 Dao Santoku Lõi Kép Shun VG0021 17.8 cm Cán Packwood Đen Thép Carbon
==
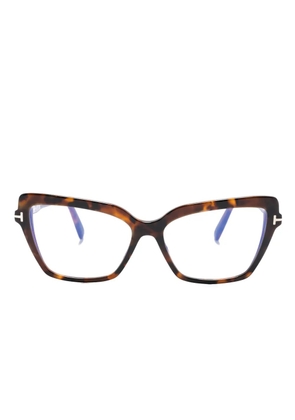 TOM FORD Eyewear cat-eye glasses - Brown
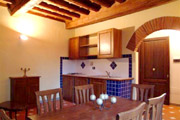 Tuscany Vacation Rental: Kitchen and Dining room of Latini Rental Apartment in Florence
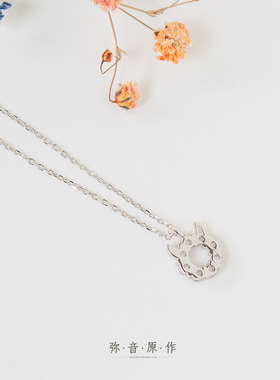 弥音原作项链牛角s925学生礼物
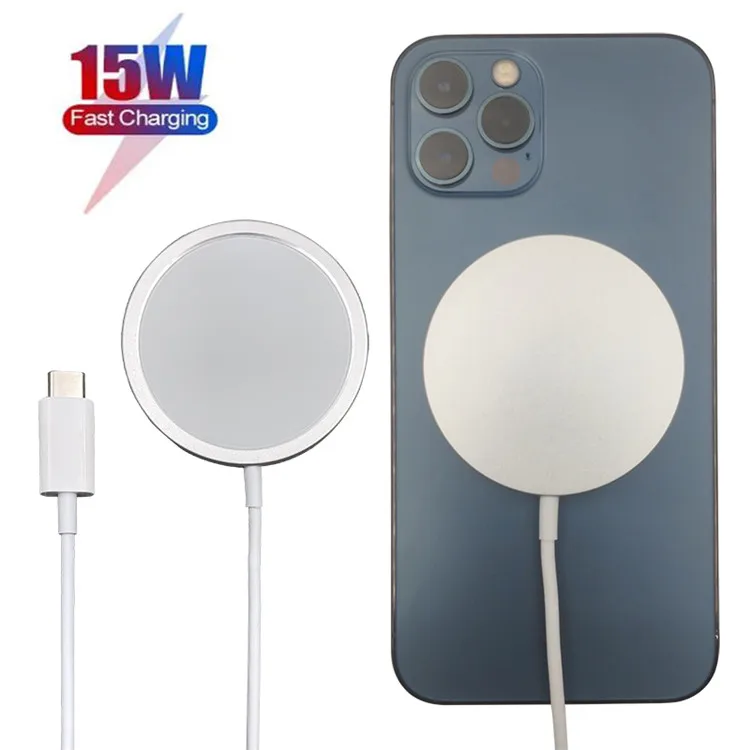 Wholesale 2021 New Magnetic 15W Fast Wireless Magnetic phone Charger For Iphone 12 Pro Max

_TASK GOAL:_ Look above for the line with "Tuscany Vacation Rental: Kitchen"; quote it and every line after it, stopping after the line with "Wholesale 2021 New", exactly, with nothing added and without pictures.

_RESULT OF THIS TASK:_
 Tuscany Vacation Rental: Kitchen and Dining room of Latini Rental Apartment in Florence
 弥音原作项链牛角s925学生礼物
 Wholesale 2021 New Magnetic 15W Fast Wireless Magnetic phone Charger For Iphone 12 Pro Max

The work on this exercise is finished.